Few things have brought the two parties together in recent years, but administration budget might.

Forrest Laws 1, Director of Content

May 30, 2017

2 Min Read
Corn rises out a field in front of a row of grain bins near Clarksdale, Miss., in May 2017

The Trump administration’s FY 2018 budget appears to be accomplishing something few other developments have done in Washington in recent memory – Uniting Republicans and Democrats in a common task.

That task is to see that the budget proposal, apparently developed by the White House Office of Management and Budget Director Mike Mulvaney with little to no input from federal agencies such as USDA, never makes it into law.

“It takes something really bad to unite Republicans and Democrats in Washington, D. C., and this plan has generated opposition from both parties,” said David Senter, national president of the American Agriculture Movement.  “If adopted, these cuts would destroy farm programs, leave Rural America in ruins and undo years of conservation efforts.”

Senter said the administration budget reminds him and other observers of the one David Stockman, OMB director under President Reagan, sent to Congress in the early 1980s. “The good thing is, it’s not going to be adopted, but it does run the risk of cuts that will adversely hurt producers and rural communities.”

AAM, which was founded in response to the depression that occurred in the rural economy in the mid-1980s, does not support taxpayer subsidies for farm programs. Its members favor price support loans set at the full cost of production and paid back plus interest when the commodity is sold.

“Therefore, the buyer pays the price in the marketplace,” he said. “The problem with this (current) budget is the farm policy has to be changed before the dollars are cut off. This is getting the cart before the horse and would be eliminating farm programs by starving them of funding thus putting producers out of business in the process.”

The Trump proposal would cut $38 Billion from farm programs over 10 years; cut the Supplemental Nutrition Assistance Program or food stamps by $193 Billion; limit CRP to continuous signup plus grassland; and eliminate the McGovern-Dole school feeding program and Food for Peace, renewable energy and Biomass Crop Assistance programs.

It would also make major cuts to rural development, including water and sewer grants to rural towns plus the elimination of rural housing programs and the loss of thousands of USDA employees that provide daily service to the farmers and ranchers of America, he noted.

“The American Agriculture Movement may be opposed to the current budget proposal but this opposition does not stop there,” said Jim Rice, secretary/treasurer of AAM. “AAM is prepared to offer alternatives and solutions.

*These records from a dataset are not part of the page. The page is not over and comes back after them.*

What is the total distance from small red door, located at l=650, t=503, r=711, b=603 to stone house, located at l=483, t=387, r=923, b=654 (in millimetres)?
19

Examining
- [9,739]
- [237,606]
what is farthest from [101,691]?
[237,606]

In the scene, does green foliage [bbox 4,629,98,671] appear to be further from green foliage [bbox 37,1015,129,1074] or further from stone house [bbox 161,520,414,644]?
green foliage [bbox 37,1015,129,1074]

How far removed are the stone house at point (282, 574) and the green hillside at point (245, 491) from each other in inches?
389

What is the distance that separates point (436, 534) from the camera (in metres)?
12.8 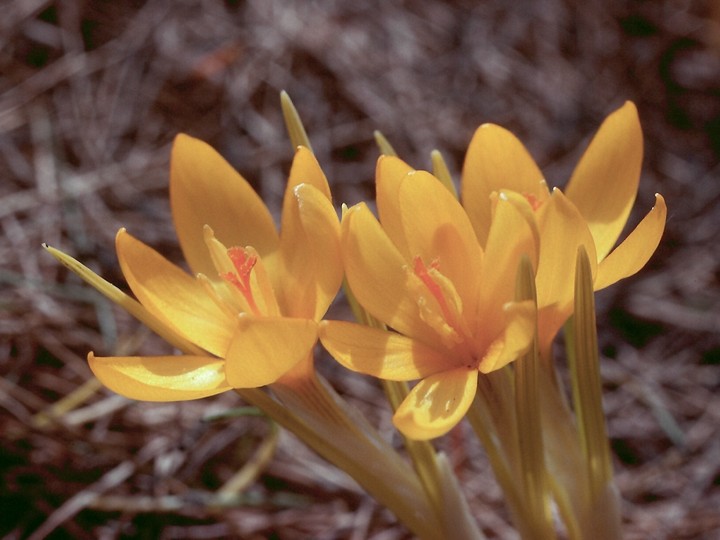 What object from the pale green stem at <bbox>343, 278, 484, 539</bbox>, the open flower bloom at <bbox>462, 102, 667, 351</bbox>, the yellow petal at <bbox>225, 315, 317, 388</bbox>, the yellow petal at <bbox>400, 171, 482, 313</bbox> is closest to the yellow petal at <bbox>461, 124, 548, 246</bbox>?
the open flower bloom at <bbox>462, 102, 667, 351</bbox>

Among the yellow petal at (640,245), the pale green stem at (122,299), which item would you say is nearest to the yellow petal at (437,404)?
the yellow petal at (640,245)

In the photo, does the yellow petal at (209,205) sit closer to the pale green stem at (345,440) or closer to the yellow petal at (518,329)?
the pale green stem at (345,440)

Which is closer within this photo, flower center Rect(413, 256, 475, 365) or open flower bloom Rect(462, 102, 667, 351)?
flower center Rect(413, 256, 475, 365)

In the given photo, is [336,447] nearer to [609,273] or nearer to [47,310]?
[609,273]

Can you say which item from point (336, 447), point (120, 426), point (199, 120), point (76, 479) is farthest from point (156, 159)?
point (336, 447)

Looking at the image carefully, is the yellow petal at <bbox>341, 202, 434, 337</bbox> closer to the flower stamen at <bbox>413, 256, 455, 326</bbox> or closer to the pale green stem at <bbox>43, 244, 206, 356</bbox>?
the flower stamen at <bbox>413, 256, 455, 326</bbox>

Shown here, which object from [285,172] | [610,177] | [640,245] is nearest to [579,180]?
[610,177] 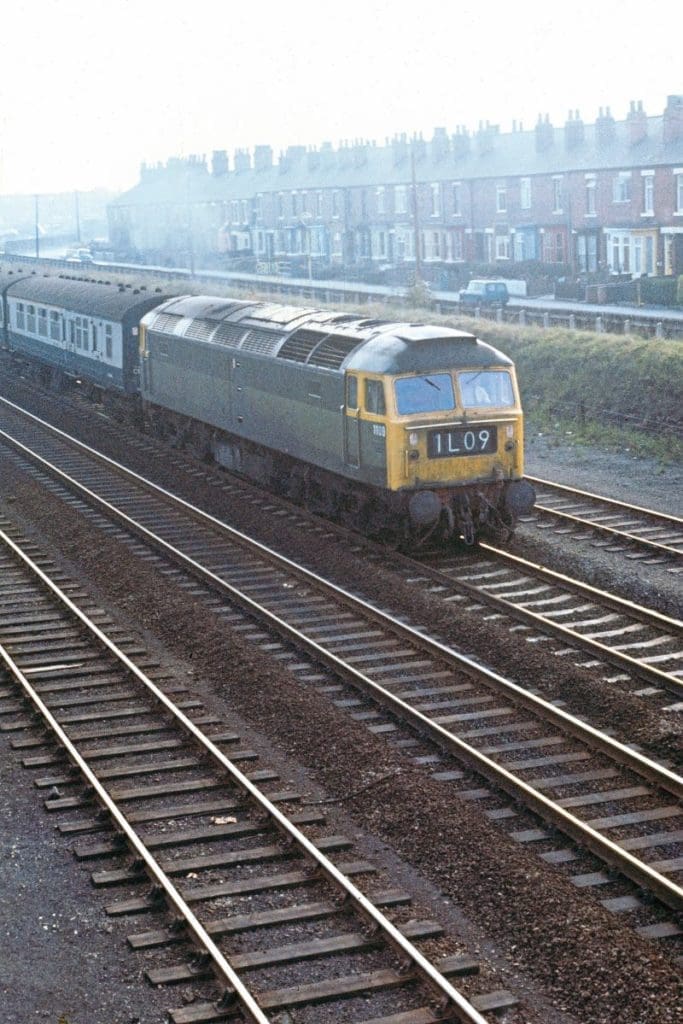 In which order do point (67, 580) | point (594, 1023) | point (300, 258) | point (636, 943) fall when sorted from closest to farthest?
point (594, 1023) < point (636, 943) < point (67, 580) < point (300, 258)

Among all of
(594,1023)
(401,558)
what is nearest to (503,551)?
(401,558)

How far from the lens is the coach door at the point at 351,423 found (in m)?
20.6

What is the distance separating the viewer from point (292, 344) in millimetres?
23109

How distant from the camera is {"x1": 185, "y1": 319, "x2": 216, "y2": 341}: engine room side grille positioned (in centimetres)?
2688

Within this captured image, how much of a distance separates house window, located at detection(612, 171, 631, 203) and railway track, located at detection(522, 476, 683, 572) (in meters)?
40.8

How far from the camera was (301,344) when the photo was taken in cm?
2283

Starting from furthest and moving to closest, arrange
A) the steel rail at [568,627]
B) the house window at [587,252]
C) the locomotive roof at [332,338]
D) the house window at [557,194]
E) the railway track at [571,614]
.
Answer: the house window at [557,194]
the house window at [587,252]
the locomotive roof at [332,338]
the railway track at [571,614]
the steel rail at [568,627]

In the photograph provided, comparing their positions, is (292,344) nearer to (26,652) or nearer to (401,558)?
(401,558)

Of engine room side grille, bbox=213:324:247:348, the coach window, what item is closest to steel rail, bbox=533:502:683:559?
engine room side grille, bbox=213:324:247:348

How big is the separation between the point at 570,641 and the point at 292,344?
29.8 feet

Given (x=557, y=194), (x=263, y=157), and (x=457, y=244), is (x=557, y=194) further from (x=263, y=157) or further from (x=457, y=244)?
A: (x=263, y=157)

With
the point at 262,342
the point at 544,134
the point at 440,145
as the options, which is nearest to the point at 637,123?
the point at 544,134

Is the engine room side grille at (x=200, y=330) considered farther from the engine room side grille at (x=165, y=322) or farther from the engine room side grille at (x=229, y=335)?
the engine room side grille at (x=165, y=322)

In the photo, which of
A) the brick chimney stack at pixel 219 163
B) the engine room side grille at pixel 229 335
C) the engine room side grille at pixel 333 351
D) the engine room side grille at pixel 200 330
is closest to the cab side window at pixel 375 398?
the engine room side grille at pixel 333 351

“Since its inception, AAM has maintained farm income should come from the market place and not in the form of government subsidies from taxpayer pockets. AAM stands ready to work with Congress and this administration in designing programs that provide our farmers and ranchers their income from the market place. Hopefully, we can all work together to this successful end so we can bring back stability and profitability to our farm and ranch communities.”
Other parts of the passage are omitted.